Following this year’s #OscarsSoWhite backlash, the governing body of the Academy Awards swiftly released a plan to double female and minority members by 2020. It will also include ten-year limits on the voting abilities of new members of the Academy.
Thomas doesn’t have much hope the New Academy Award voting rules will help. “Even with these new rules, it’s going to be difficult as a person of color to get into the academy. The rules need to be amended to make it easier for people of color to get into the voting process.”
Thomas remembers hearing about the lack of diversity in Hollywood since he was in film school in the 80s. He says he’s been talking about diversity in the Academy Awards since Cuba Gooding Jr. won a Best Supporting Actor Oscar in 1997 for Jerry McGuire.
You can blame the Motion Picture Academy all you want, but in reality we don’t have enough diversity of product. There aren’t enough “Straight Out of Comptons” and “Fruitvale Stations” being made, Thomas said. “Only seven of the 400 films considered for this year’s Academy Awards can be considered diverse films.”
The answer is more diverse filmmakers, but more importantly, more people of color giving in positions of power.
“I don't think there's one person of color in Hollywood who can greenlight a film," Guy Aoki of the Media Action Network for Asian Americans recently said.
The Martin Luther King Jr. film “Selma,” that was snubbed at last year’s Oscars, took nearly a decade to get the greenlight in Hollywood.

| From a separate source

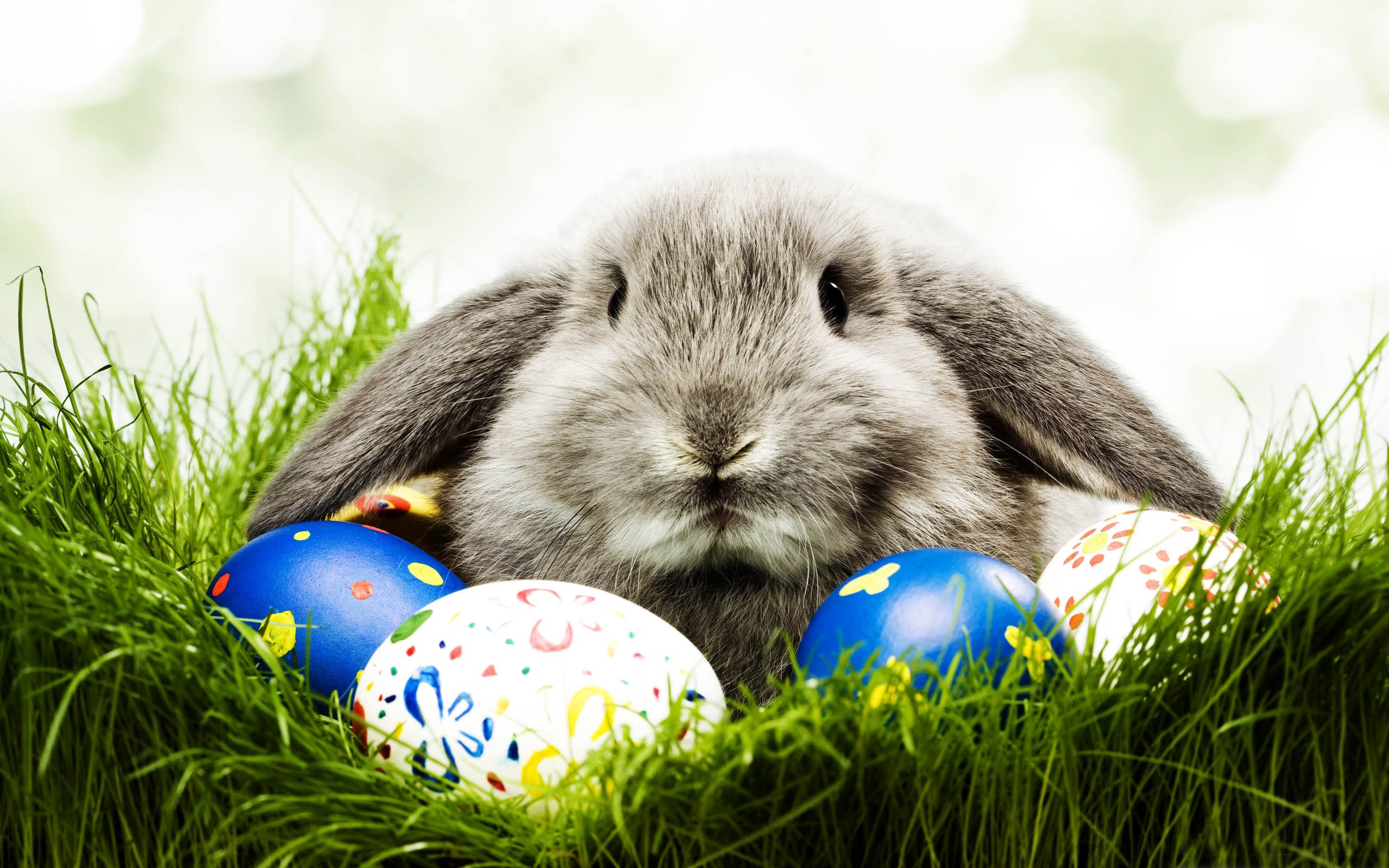 a-real-easter-bunny-comes-with-real-consequences-national-humane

And that was with Oprah Winfrey’s star power behind it as a producer. Oprah is also credited for getting “The Butler” made in 2013.
Thomas doesn’t expect the Oscars to change anytime soon. “Not until you hit them in the pocketbooks,” Thomas said. “If Hollywood studios started losing money like the Montgomery bus system did during the civil rights movement, we might see change.”
This issue is becoming global. Nate did a presentation with Seoul Institute of the Arts and Korean filmmakers asked him about diversity in American film making. They wondered why all Asians were depicted as martial arts experts in Hollywood films. That same issue came up when he was lecturing in China too.
Another solution for diversifying Hollywood: mentorships.
When Thomas went to USC in the late 80’s there were a lot of students whose parents were famous actors and these people had no problem finding jobs. It was a different story for people of color who don’t have high profile name attached to them.
He, like many other film students who go on to become successful, got a break from someone in the industry.
“I don’t know how I feel about this now, but Bill Cosby is credited with giving a lot of people of color their breaks into the film industry,” Thomas said.
Cosby gave Thomas his break in the 1980’s and recently helped CSUN students break into the industry. In 2013, Cosby hired students from Thomas’ film program to help with his Comedy Central special.
It’s about getting more people of color into the film industry at every level. More screenwriters, more showrunners, more directors, more crew members, more executives, etc. The idea is that once more people of color get into the industry they can help bring people of color into the industry through mentorships.
These people of color are also making more films about people of color. Black USC grads John Singleton (“The Boys in the Hood”) and Ryan Coogler (“Fruitvale Station,” “Creed”) are two examples. But there are only so many Singletons, Cooglers and Cosbys.